The streets are quiet, but hard-liners and reformists are still wrestling for control.

The scale of violent protests during the past week in Iran has rocked the Islamic Republic. But it's still unclear what the final scorecard may turn out to be in the ongoing battle between hard-liners and moderate reformists.

Six days of pro-democracy student protest and riots - the largest public unrest since the 1979 Islamic revolution - gave way late on Tuesday to a massive security crackdown and a "unity rally" on Wednesday.

Called by senior clergy, an estimated 100,000 people reaffirmed support for the Islamic system. Portraits of Ayatollah Ruhollah Khomeini - who ushered in clerical rule with the Islamic revolution - and his successor Ayatollah Ali Khamenei were much in evidence. Posters of the reform-minded President Mohamad Khatami, ubiquitous during the student protest, were all but gone.

By yesterday, however, the streets were clear, the demonstrations apparently at an end.

"I think everybody will claim victory," says a Tehran-based Western diplomat. "For 24 hours it was good for the hard-liners, but if you step back you will see that this week was a very visible demonstration of people power. Taboos have been broken, and you can't put the genie back in the bottle."

"Any thinking person in the 'system' should now realize the extent of discontent and the need for some reforms," says another Western diplomat. "That may strengthen the president's position."

Hard-liners nevertheless sounded triumphant, and Mr. Khatami's agenda of restoring a civil society to Iran - and even opening up to the West and the United States - seemed to be put on hold at the moment.

Speaking at the rally, Hassan Rouhani, secretary of Iran's top security body, blamed "bandits and saboteurs" for the violent clashes and declared: "The atmosphere of our society has been dirtied over the past few days.... Our revolution needs a sweeping cleanup and this will help advance the cause of the regime and the revolution."

Stance of Khatami

Even the popular Khatami, whose luster has dimmed in the eyes of many students by not acting decisively enough during the crisis, took a tough stance after the once-peaceful demonstrations devolved into riots.

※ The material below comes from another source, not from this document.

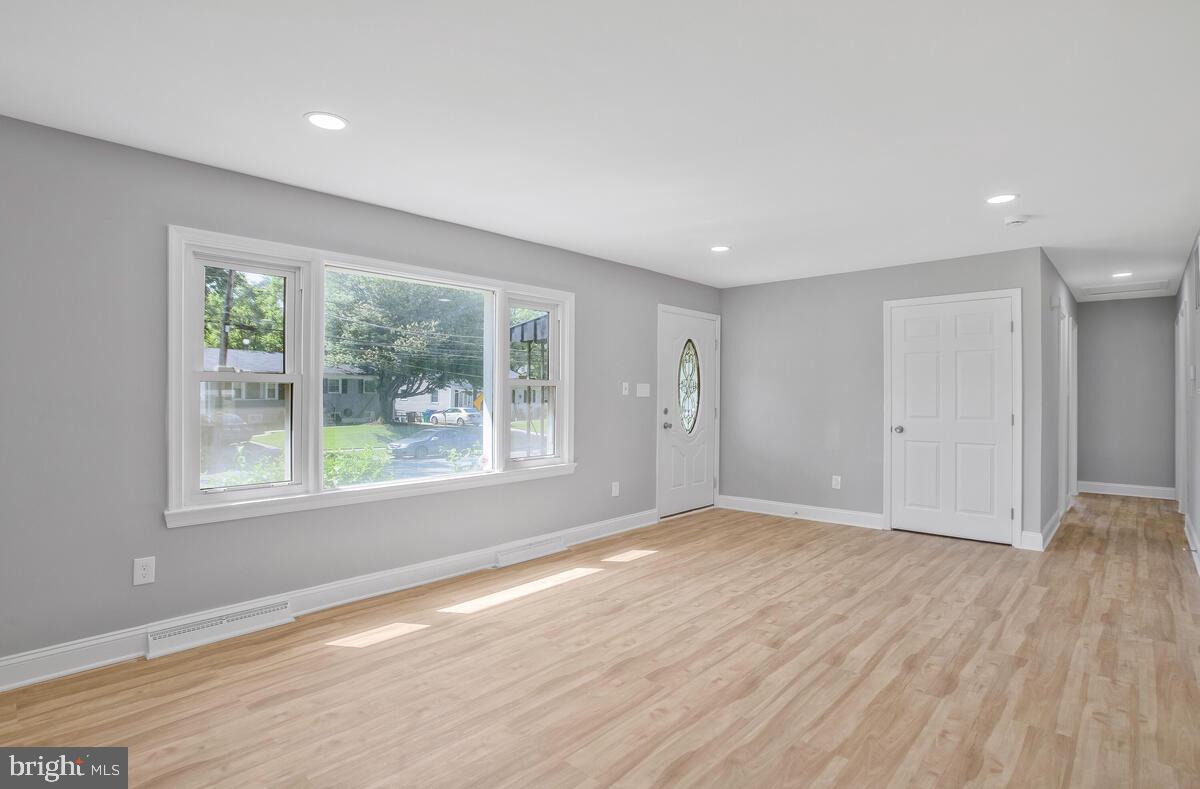 YORKSHIRE KNOLLS - Residential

Making a clear distinction between peaceful students and those who were behind the destruction of shops and the burning of cars, Khatami blamed people with "evil aims" and said, "we shall stand in their way."

In the past, Khatami's troubles with trying to reform Iran's political system - despite a 70 percent landslide mandate he was given by Iranian voters two years ago - have led to comparisons with Mikhail Gorbachev, the Soviet leader in the 1980s whose initial reforms eventually led to the collapse of the regime and took him along with it.

"One similarity is that neither of them wanted to destroy the system," says a European diplomat in Tehran with long experience in the Soviet Union. "Basically they want to maintain the status quo. They just want to have a more humane state."

For that reason, Khatami himself may have been surprised by the tone of the protests. "Khatami is rather conservative, and it must have been dismaying for him that people were shouting against the leader," says one of the Western diplomats.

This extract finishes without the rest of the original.